State police seeking assistance from congress 


WASHINGTON - An Illinois State Police official urged Congress Tuesday to spend $85 million to reduce the backlog in DNA testing and other critical evidence analysis at more than 300 crime labs across the country.

In Illinois, it takes the state's crime labs eight to 10 months to handle a DNA test - a vast improvement over the 16 months it once took, said Michael Sheppo, the bureau chief in charge of the state's nine crime labs.

Yet the state's forensic scientists are in a perpetual state of catch-up.

"Today in Illinois and throughout our nation, we are facing a crisis - a crisis caused by a shortage of forensic science resources," Sheppo said. "Since 1990, the average U.S. forensic laboratory has experienced an increase in caseload of 23 percent, while budgets have grown only 10 percent and staff size by only 9 percent."

Sheppo joined his counterparts from several other states before the Senate Judiciary Committee to highlight the need to improve states' crime labs even as new cases of those wrongfully convicted continue to come to light.
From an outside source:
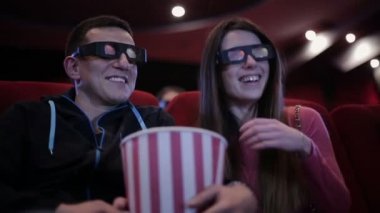 Çift waching bir film sinemada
Jeffrey Todd Pierce was freed from an Oklahoma prison last week after 15 years behind bars for a rape that a DNA test now shows he didn't commit. In a high-profile Springfield case, recent DNA tests also indicate the wrong men may have been convicted of the 1986 murder of medical student Lori Roscetti.

Nationwide, DNA testing has cleared more than 80 men and women who were convicted for crimes they didn't commit, including at least 10 who were sentenced to death, said Sen. Patrick Leahy, D-Vt.

Although Congress last year passed legislation authorizing $85 million for state crime lab improvements in the next fiscal year, the Bush administration didn't request any funding for the program in its budget proposal sent to Congress earlier this year.

The program's backers on the Senate Judiciary Committee are a bipartisan bunch. They include committee chairman Orrin Hatch, R-Utah, Sen. Dick Durbin, D-Ill., and Leahy. Durbin and Leahy also are members of the Appropriations Committee.

A recent study by the American Society of Crime Laboratory Directors found that 9,000 additional forensic scientists would be needed to process DNA evidence within 30 days.

Illinois needs another 160 scientists and support personnel to process its current caseload in a timely manner, Sheppo said. Meanwhile, state officials predict the state could lose up to 190 forensic scientists by 2005 from retirement and normal attrition.

The state police have proposed construction of a $42 million Forensic Sciences Institute to train new scientists for crime labs in Illinois and throughout the Midwest.

The Illinois State Police forensic science laboratory system is the third largest in the world.